## RECORD EXTRACTS:

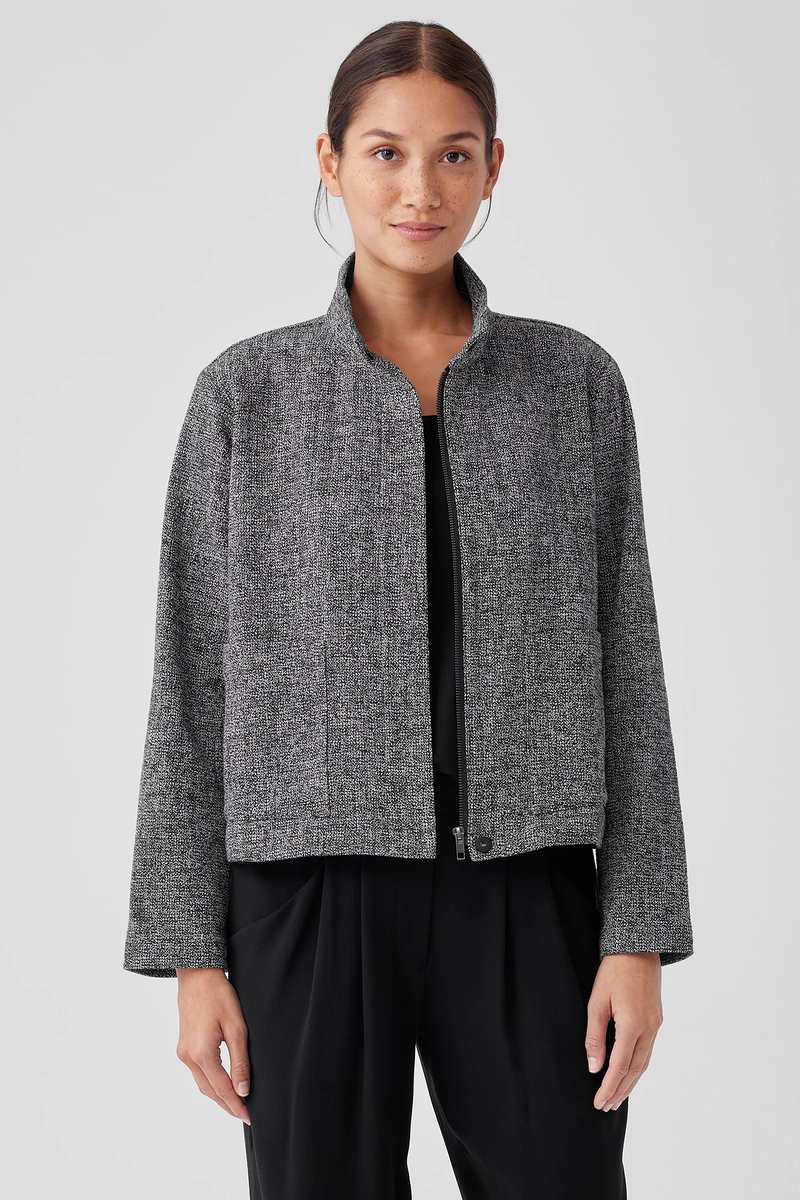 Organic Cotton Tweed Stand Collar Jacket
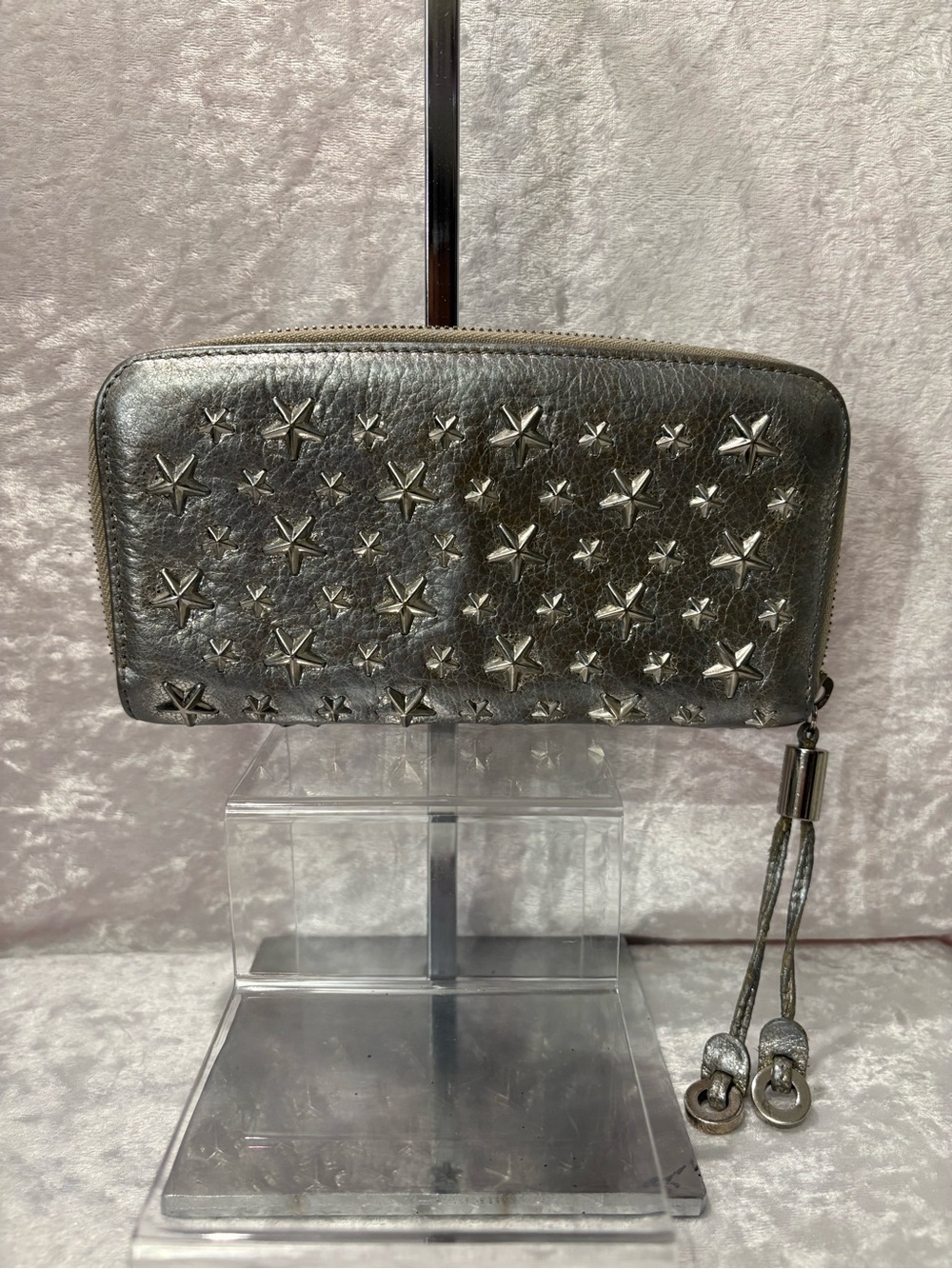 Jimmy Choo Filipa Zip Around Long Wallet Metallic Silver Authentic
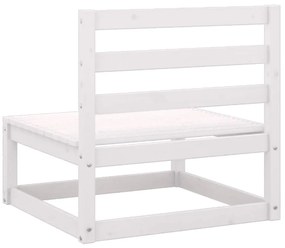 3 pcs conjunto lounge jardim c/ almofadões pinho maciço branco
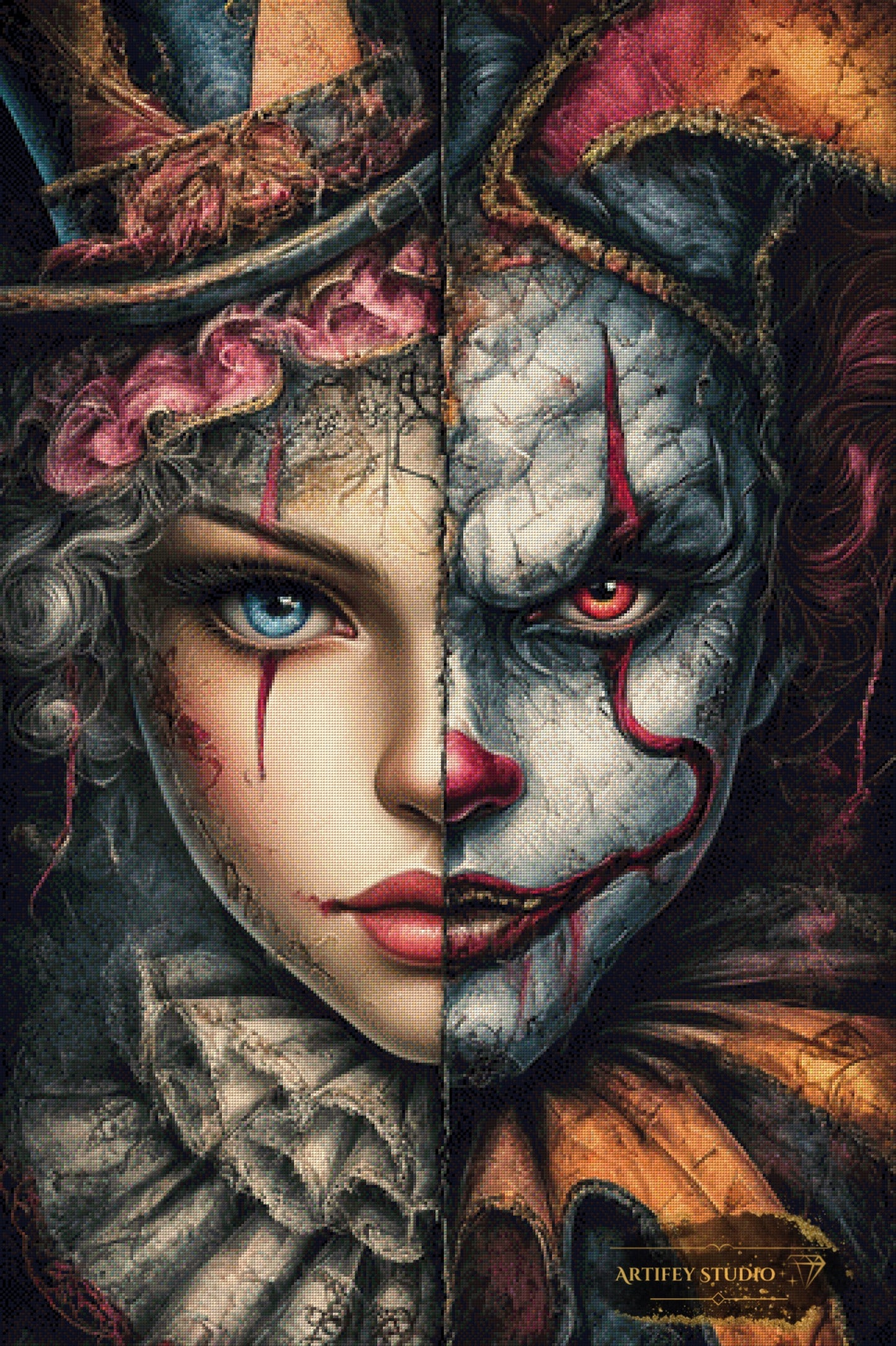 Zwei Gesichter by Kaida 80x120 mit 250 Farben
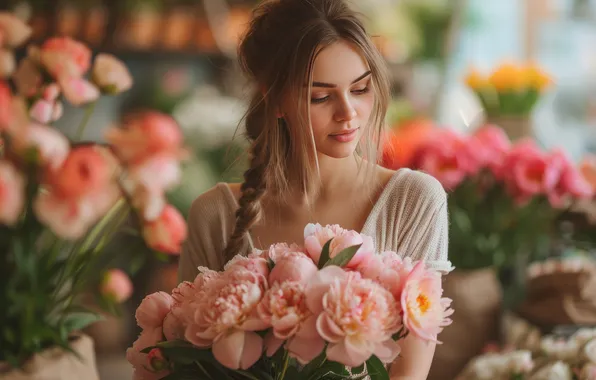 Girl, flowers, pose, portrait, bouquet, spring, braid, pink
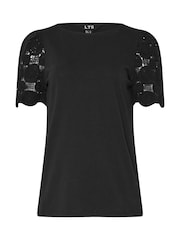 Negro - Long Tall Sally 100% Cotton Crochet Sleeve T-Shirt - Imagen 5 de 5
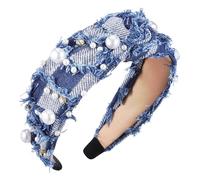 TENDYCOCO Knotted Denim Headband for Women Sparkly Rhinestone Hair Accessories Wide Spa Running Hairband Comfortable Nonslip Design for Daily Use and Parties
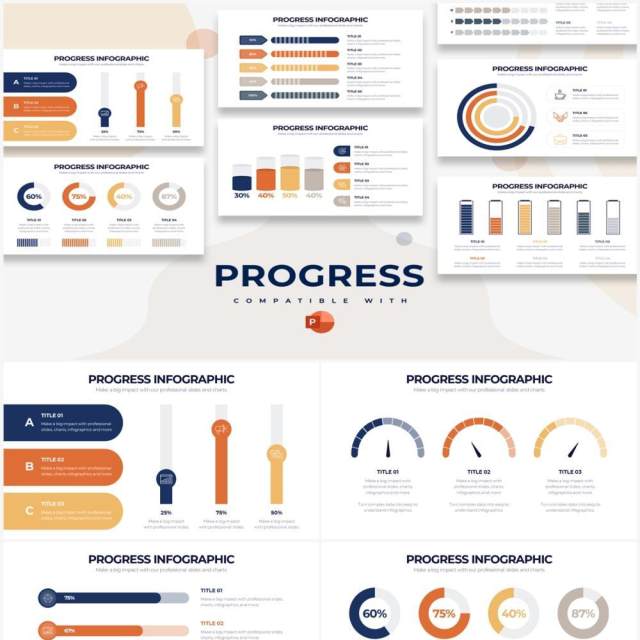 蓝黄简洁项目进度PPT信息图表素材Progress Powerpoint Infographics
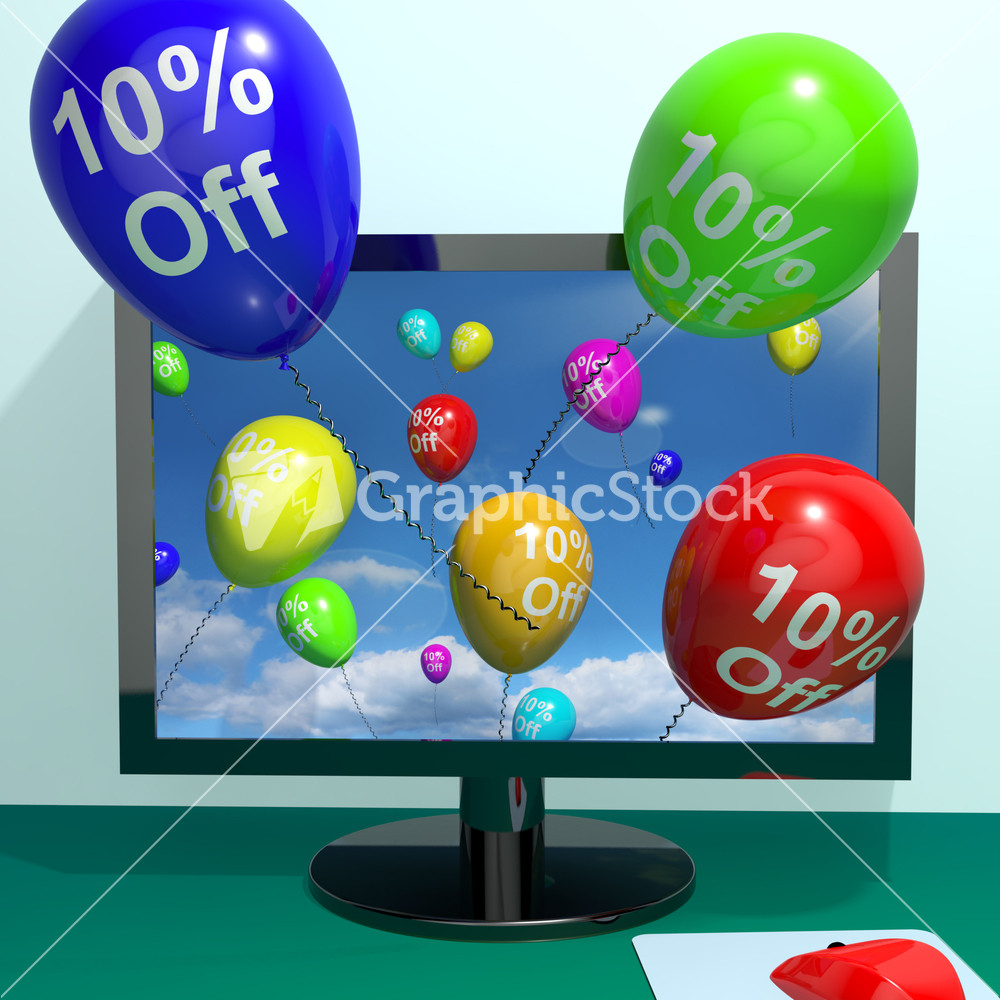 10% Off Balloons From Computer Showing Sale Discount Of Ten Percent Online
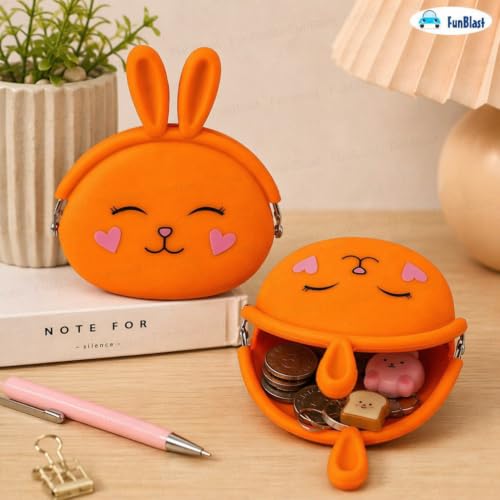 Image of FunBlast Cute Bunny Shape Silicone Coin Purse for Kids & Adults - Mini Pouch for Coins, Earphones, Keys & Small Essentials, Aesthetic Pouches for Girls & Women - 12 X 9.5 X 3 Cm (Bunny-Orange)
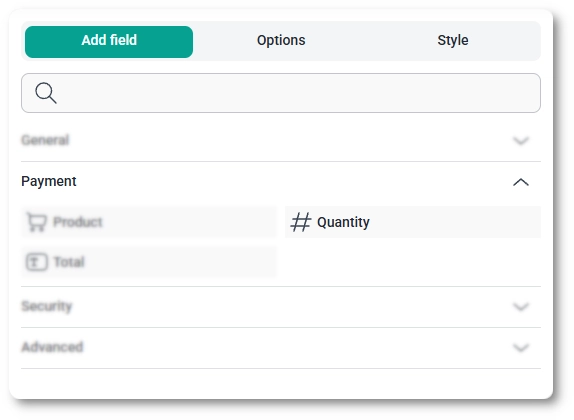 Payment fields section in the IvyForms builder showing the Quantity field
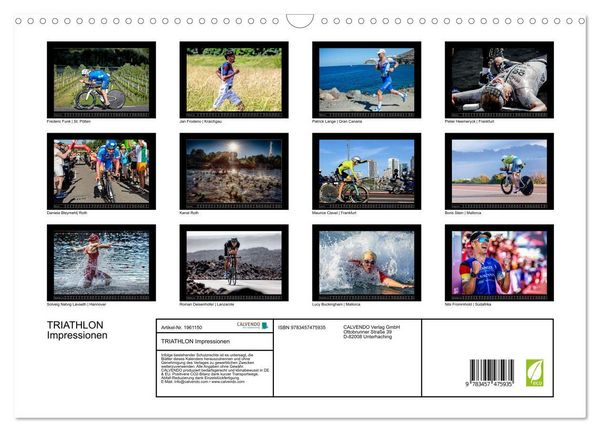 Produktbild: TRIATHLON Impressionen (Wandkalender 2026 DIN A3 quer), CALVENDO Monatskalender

## WHAT THE EXERCISE ASKS:
The lines to return run from the line containing "Payment fields section" through the last line of the records. Give them exactly, omitting pictures.

## SOLUTION TO THIS PROBLEM:
 Payment fields section in the IvyForms builder showing the Quantity field
 Produktbild: TRIATHLON Impressionen (Wandkalender 2026 DIN A3 quer), CALVENDO Monatskalender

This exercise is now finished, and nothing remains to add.